Stara mądrość rzecze ''Jeśli chcesz pokoju, szykuj się na wojnę i miej trzeciego bramkarza''. Czy jakoś tak. Dwóch pierwszych golkiperów Realu Madryt doskonale znamy - to Iker i Casillas. No... Jest jeszcze Jerzy Dudek. Ale co gdyby ''Świętemu Ikerowi'' przytrafiła się (co chyba niemożliwe) w czasie kontuzja, a Jerzy Dudek rozgrywałby akurat arcyważną partyjkę w Go?
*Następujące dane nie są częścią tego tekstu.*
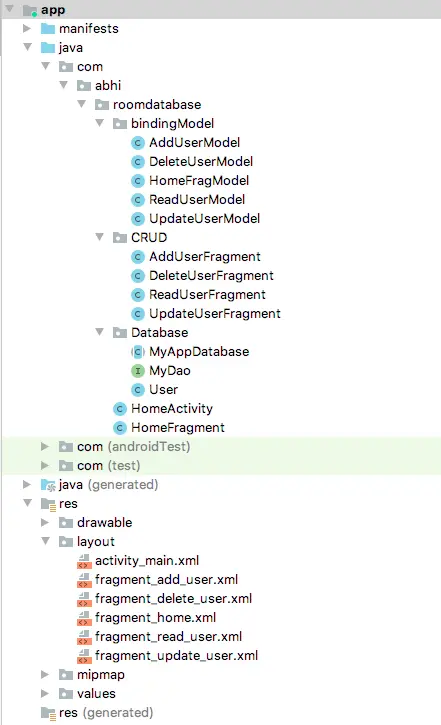 android room database project structure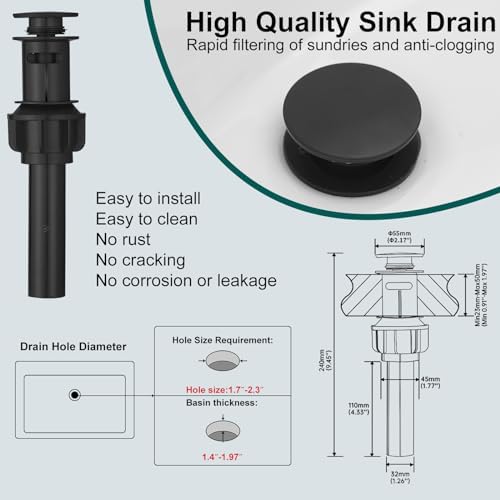 Hoimpro Black Waterfall Faucet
Otóż golkiperem ''Królewskich'' będzie wtedy...

Jak wszyscy doskonale wiemy, kości Casillasa wykonane są z nieznanego bliżej stopu - nie łamiącego się, superodpornego na kontuzje i jeszcze do tego świetnie grającego na przedpolu. Prawdopodobieństwo przytrafienia się bramkarzowi hiszpańskiej kadry urazu jest niemalże bliskie zeru. Gdyby jednak z gry wypadł naraz zarówno on i Jerzy Dudek (bo na przykład obaj zarezerwowali już sobie bilety na ceremonię rozdania Oscarów i muszą już się spieszyć na samolot), Jose Mourinho znalazł na to sposób.
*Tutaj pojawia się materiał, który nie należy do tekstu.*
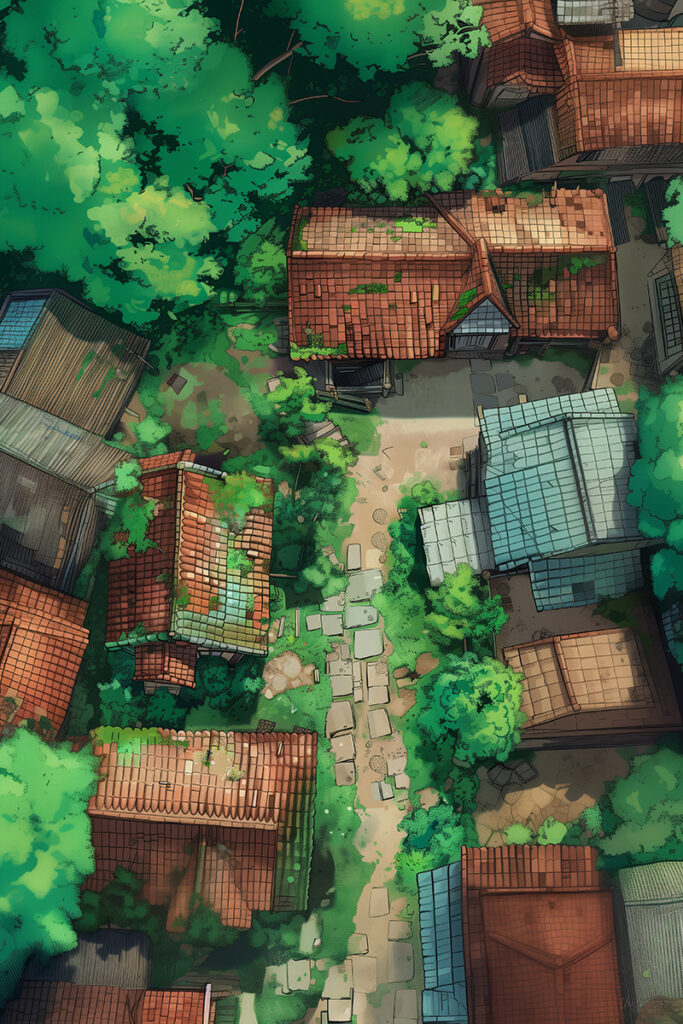 The Quiet Village of Mossy Roofs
- Już wiemy, kto będzie bronił, jeśli stracimy naszych dwóch pierwszych golkiperów. Będzie to Sergio Ramos bądź Sami Khedira. Doszedłem do tego wniosku, obserwując treningi. Od teraz każdego tygodnia Ramos i Khedira będą ćwiczyć grę na bramce. Tak na wszelki wypadek - powiedział The Special One.

Oczywiście tyczy się to tylko sytuacji, w której obaj bramkarze doznają urazu w ciągu jednego meczu. Chyba. Ale jednej osobie jest teraz naprawdę przykro. W składzie ''Królewskich'' jest też Antonio Adan, który ma już 23 lata, zarost i prawo wyborcze, do tego w Realu Madryt B i C rozegrał ponad 80 spotkań, a w hiszpańskich młodzieżówkach od U-17 do U-21 aż 34 mecze. Z kadrą do lat 19 sięgnął nawet cztery lata temu po Mistrzostwo Europy. Tak, to ten sam, który kurzy się tam w kącie na zdjęciach klubowych. Jakie są jego szanse na wybiegnięcie kiedykolwiek w pierwszy składzie Realu, albo wygryzienie w kadrze meczowej którejś z kosztujących grube miliony gwiazd, po to, żeby Mourinho wziął ze sobą trzeciego golkipera? Bukmacherzy w odpowiedzi na to pytanie śmieją się długo i bardzo głośno, wymownie trzymając się przy tym za brzuchy.